Yes, worldwide Jehovah’s Witnesses have several million women ministers. They are a great host of preachers of the good news of God’s Kingdom. Psalm 68:11 says prophetically of those ministers: “Jehovah himself gives the saying; the women telling the good news are a large army.”
However, do not confuse the ministry of women who are Jehovah’s Witnesses with the ministry performed by female clerics of other religions. There is a striking contrast that sets them apart. In what ways are they different?
The audience of their ministry is different. Clergywomen, particularly of Christendom, assume leadership roles within their congregations, and their main audience is made up of members of the flock. For women ministers of Jehovah’s Witnesses, the main audience of their preaching is outside the congregation, namely the public, whom they meet in their house-to-house ministry and elsewhere.
Another way in which women ministers of Jehovah’s Witnesses differ from those in other religions is their activity in the congregation. Female clerics of Christendom and other churches preside over and instruct members of their congregation in the dogma of their religion. Women ministers of Jehovah’s Witnesses, however, do not teach in the congregation when baptized men are present. Only men who are appointed as teachers do so.—1 Timothy 3:2; James 3:1.
The Bible describes only men as being charged with oversight of a congregation. Notice the pattern set by the apostle Paul when he wrote to a fellow overseer, Titus: “For this reason I left you in Crete, that you might . . . make appointments of older men in city after city.” Paul added that each man so appointed had to be “free from accusation, a husband of one wife.” (Titus 1:5, 6) Paul gave similar instructions to Timothy in his pastoral letter: “If any man is reaching out for an office of overseer, he is desirous of a fine work. The overseer should therefore be irreprehensible, a husband of one wife, . . . qualified to teach.”—1 Timothy 3:1, 2.
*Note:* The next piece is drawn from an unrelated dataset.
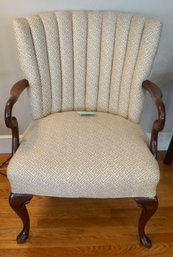 Den Mahogany Chair Arm /queen Anne Legs 2ft W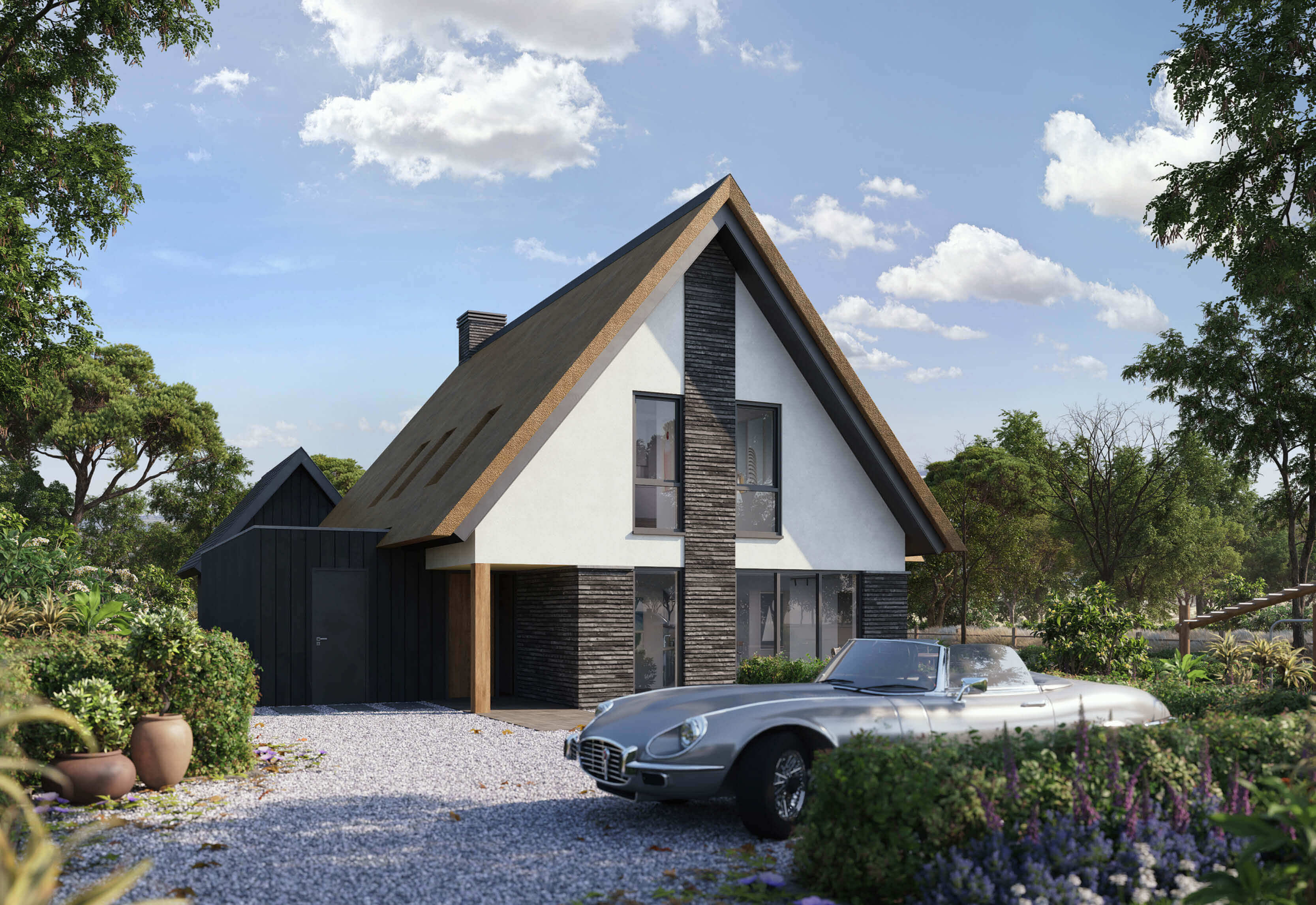 moderne-contrastrijke-villa-met-rieten-kap-i132-buitenhuis-villabouw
Why are oversight functions in the congregation limited to men? Paul says: “I do not permit a woman to teach, or to exercise authority over a man, but to be in silence. For Adam was formed first, then Eve.” (1 Timothy 2:12, 13) Thus, the order of creation indicates God’s purpose in the delegation of teaching and oversight.
Ministers of Jehovah follow the example of their Leader, Jesus Christ. The disciple Luke wrote about Jesus’ ministry: “He went journeying from city to city and from village to village, preaching and declaring the good news of the kingdom of God.” Later, Jesus sent out his followers to do the same work: “They went through the territory from village to village, declaring the good news.”—Luke 8:1; 9:2-6.
Today, ministers of Jehovah—male and female—have an active share in carrying out what Jesus foretold: “This good news of the kingdom will be preached in all the inhabited earth for a witness to all the nations; and then the end will come.”—Matthew 24:14.